(Required work)
Print each entry as it appears. Images stay out of the copy.

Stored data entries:
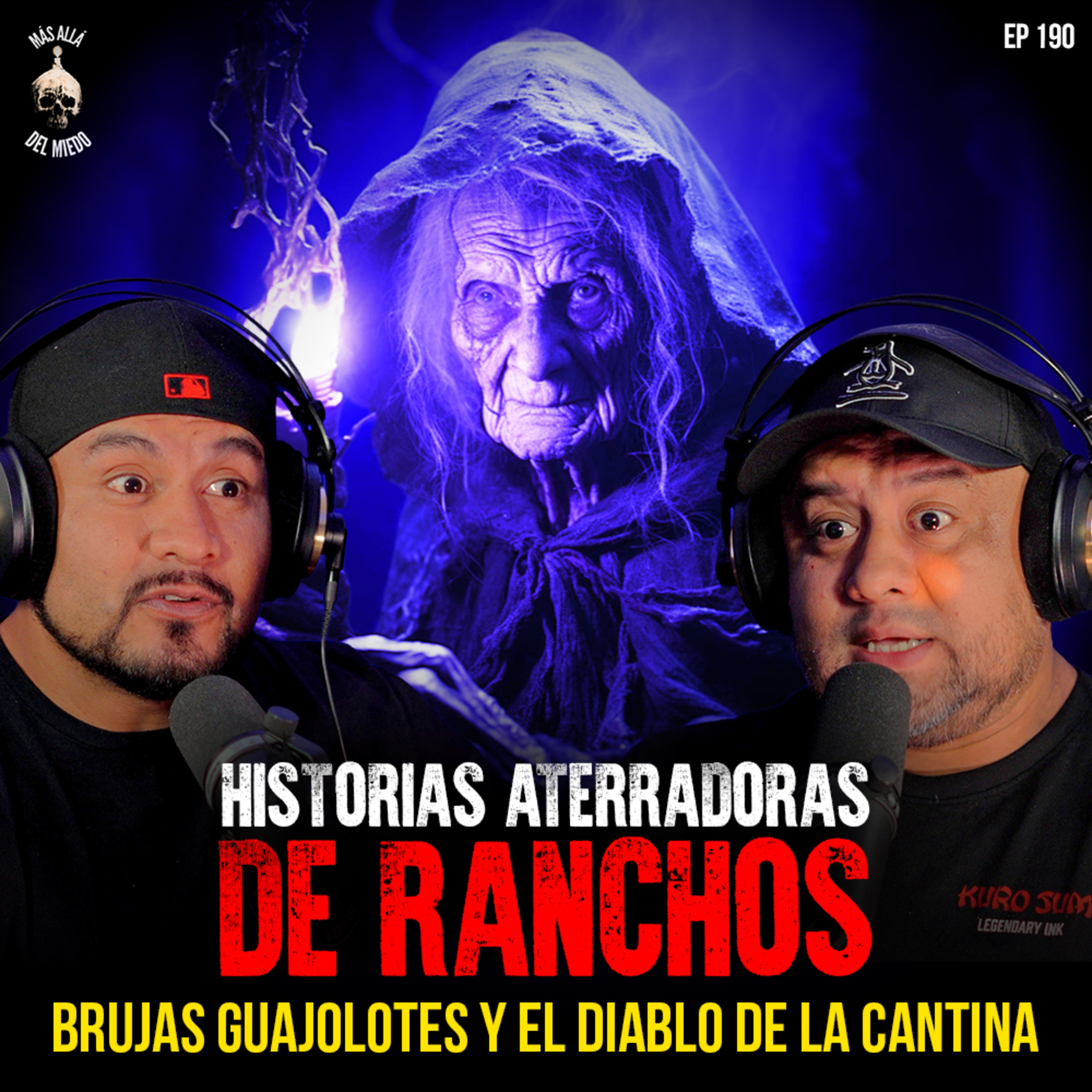 Historias ATERRADORAS de RANCHO: BRUJAS GUAJOLOTE y el Diablo en la Cantina episode artwork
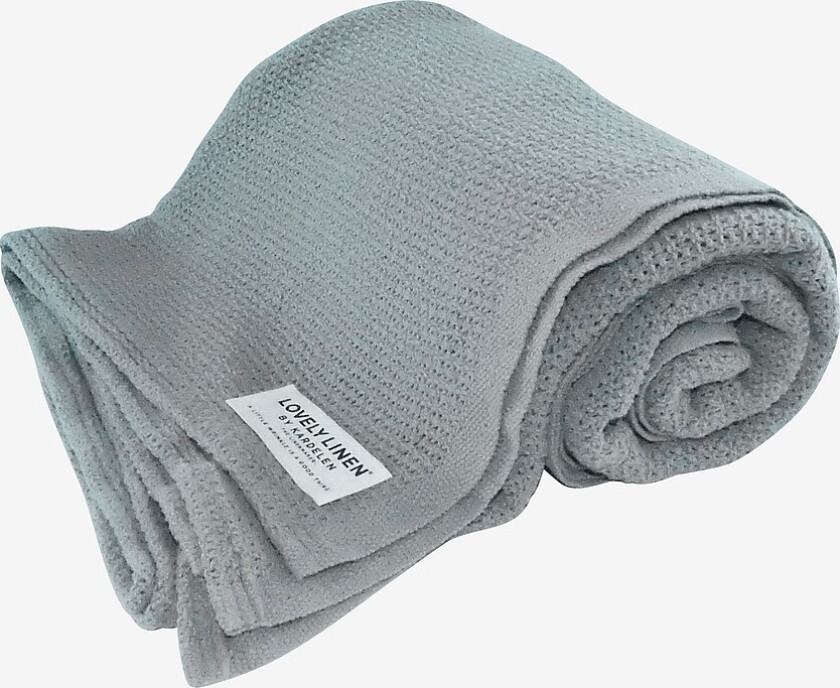 Lovely Cotton pledd - Grå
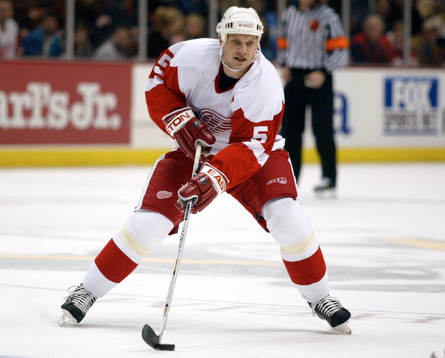 Nicklas Lidström, Detroit Red Wings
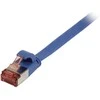 Synergy21 Patchkabel RJ45, CAT6 250Mhz, 2m blau, FTP(U/FTP), TPE(Superflex), Flach, ,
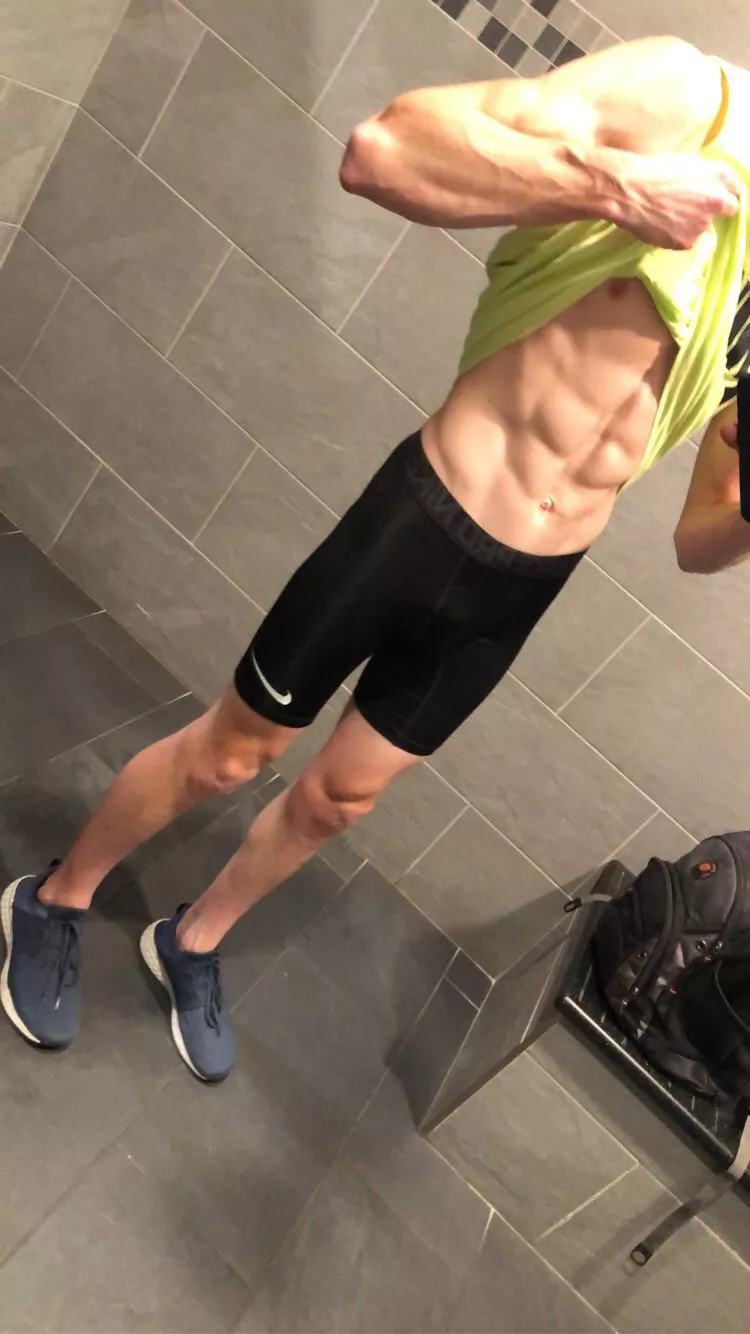 Find me at the gy(m)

(Solution to the problem)
 Historias ATERRADORAS de RANCHO: BRUJAS GUAJOLOTE y el Diablo en la Cantina episode artwork
 Lovely Cotton pledd - Grå
 Nicklas Lidström, Detroit Red Wings
 Synergy21 Patchkabel RJ45, CAT6 250Mhz, 2m blau, FTP(U/FTP), TPE(Superflex), Flach, ,
 Find me at the gy(m)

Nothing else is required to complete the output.